Recycle & Reuse: Low-waste, easy costumes for Halloween

Contributed photo

One of Amy Hartline's past costumes, Inspector Gadget, was made entirely with items she owned and an inexpensive tube bought from a hardware store. Though the tube was new it became part of a home project after Halloween was done, making it a complete zero-waste costume.

Why not wear something completely unique this Halloween?

It can seem like it would be easier to run to the store and buy another cheaply made costume for $40, but it can lead to a lot of stress —from the crowd inside hurrying to find their own costume, to making sure it fits correctly, to seeing if it’s warm enough for Halloween night. Using items and clothing you already have can help you avoid some of those uncertainties and make sure no one at the Halloween party is dressed just like you.

Recycle & Reuse: Low-waste, easy costumes for Halloween

Amy Hartline

Creating your own costume can also dramatically help reduce the waste of Halloween. An estimated extra 2,000 tons of waste is created during Halloween. This waste is produced by a combination of food wrappers, decorations and, largely, the number of costumes sold that are then only used once.

Some do-it-yourself costumes can require more arts and crafts experience, but many costume ideas don’t require you to do any crafting and only need you to put the right items together. There are three easy styles of costumes to help you brainstorm what to be on Oct. 31: “punny” costumes, last-minute and crafty.

“Punny” costumes tend to embrace word play to create a costume that also gets people chuckling. For example, if you have a leftover animal costume from a past year, use elements of that costume and don a party hat and party outfit to become a “party animal” or put on your fanciest dress and use painter’s tape or safety pins to attach pictures of planets and stars to it and create a sash to wear claiming you as “Miss Universe.” Become a “breadwinner” by putting on a medal and carrying a loaf of bread through the party, then you can even use part of your costume for lunches the next week!

DIY costumes shine when it comes to creating last-minute outfits. Throw on a pair of shorts, a hat and a Hawaiian shirt and carry a camera or brochure to become a tourist. If you own a black and white-striped shirt and black pants, you can buy some inexpensive white and black makeup to become a mime. Still got a few dated pieces in the back of your closest? Consider going all out in the '70s, '80s or '90s gear for your costume. People will love partying with a blast from the past.

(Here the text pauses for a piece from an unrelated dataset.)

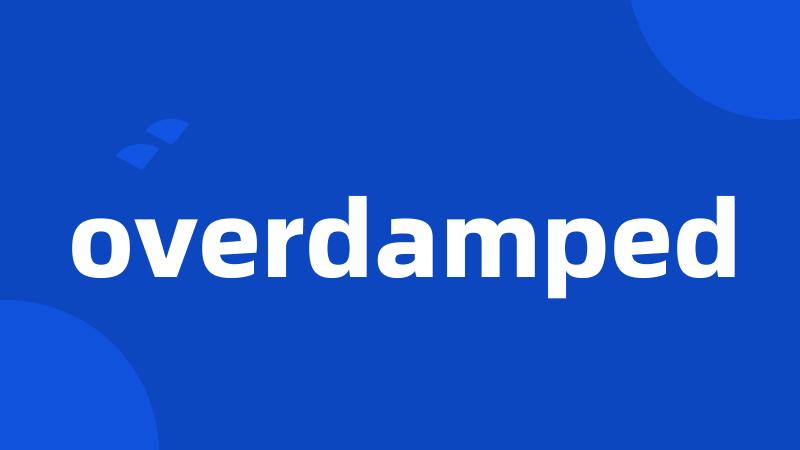 overdamped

Crafty costumes can still be easy, but with a little more work than some of the others. Create a tulle skirt and use combine it with a pair of fairy wings and then glue on travel size toothpaste tubes to become a tooth fairy and then you can use those tubes through the next month to keep away cavities. Head to outer space by using one long cardboard box spraypainted silver. Cut out two holes for your arms and a hole to act as a window of your very own spaceship. Finish it off by cutting the front flap into a triangle and using duct tape to keep it up right and to create two straps in the back to stick your arms through. For extra color, affix red and yellow streamers to the bottom to back as the fiery blast.

If you combine saving resources in your Halloween costume with the free Rubicon Trick or Trash program, you will be making a huge dent in the amount of trash produced this month. With this program, Rubicon will mail you a cardboard box to collect your candy wrappers in. At the end of the season you can mail all of those wrappers back to be recycled. Just sign up at https://www.rubicon.com/trick-or-trash to get your box.

Americans buy $3.4 billion worth of costumes each Halloween. By taking yourself out of that equation you can save money, keep your closet clean and help limit our waste. With a little bit of forward thinking, you can create a green Halloween plan that will keep the guilt away but the treats coming.